In real world usage – ProRes within Final Cut Pro 6 and DNxHD within Avid Media Composer, the two codecs both performed very similarly. In other words, no one’s clients are going to complain about either codec.
So that means the codecs are pretty much the same? Yes and no. There are still real differences that pros in the trenches need to take into consideration.
Obviously my test proved that if you plan on doing anything in RGB space, such as After Effects or Photoshop work, you’re better off with DNxHD since the codec allows you to select the correct colorspace for rendering.
Just as Apple made a big deal about QuickTime being fully MPEG-4 compliant, Avid is working closely with SMPTE to make DNxHD fully VC-3 compliant.
In addition, Avid DNxHD is compliant with SMPTE draft standard VC-3, an HD video compression format in development that enables open media exchange. VC-3 is making excellent progress toward becoming a SMPTE Standard (to be identified as SMPTE 2019) and the effort is nearing completion.

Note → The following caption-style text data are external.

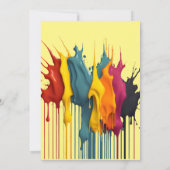 Vergemakkelijking van de verjaardag van het meisje kaart (Achterkant)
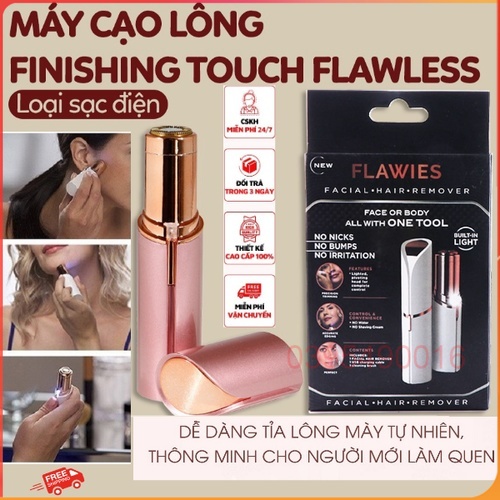 Máy cạo tẩy lông Finishing Touch Flawless Máy cạo lông mini hình son môi sạc điện An toàn và nhẹ nhàng trên da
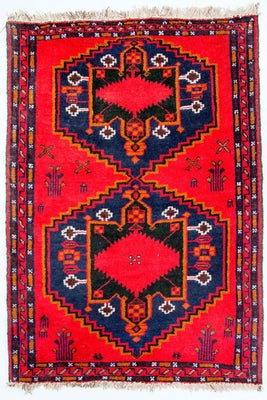 Tapis Belutsch - 141 x 92 cm - rouge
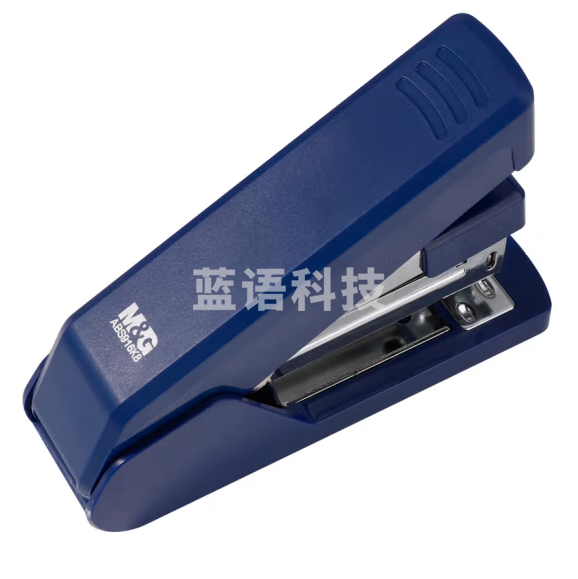 晨光12号订书机省力订书器25页适配钉 24/6 26/26 （蓝）ABS916K8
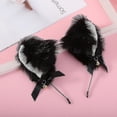 thumbnail image 3 of Diadema con orejas de piel hecha a mano, accesorios para disfraces de fiesta de Navidad y Halloween, 3 of 4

Pending VC-3 standardization by SMPTE, Avid DNxHD will be the world’s first codec fully compliant with VC-3 compression technology, and any manufacturer that licenses Avid DNxHD will have confidence knowing that it is working with a SMPTE standard.
That last line is interesting. Avid licenses DNxHD. Word on the street is that many developers don’t like the terms and pricing, but that’s still a step forward from closed and proprietary.
I can’t be talking about ProRes being closed and proprietary, can I? It’s in QuickTime, isn’t it? Yes, it is. But it’s only available on systems with Final Cut Studio installed, making it a $1,300 codec available only in Mac OS X. And that’s where working in ProRes can get ugly. No ability compress ProRes video on Windows workstation for FLV, WMV, MPEG-2, or 3gp. That’s a problem. Compressor 3 is very good, but it’s not the perfect solution for a lot of common compression tasks.
At the end of the day image quality it the most important feature a codec brings to the table, but it’s just one of several factors to consider when choosing a professional post workflow. For a good amount of the work I do, ProRes meets my needs. For a good amount more, DNxHD is the ideal codec.
Wouldn’t it just plain rock if AJA or Blackmagic would license DNxHD for Final Cut Pro capture hardware? Then I could choose an editing system based on the merits of the editor, instead of the codec’s required workflows.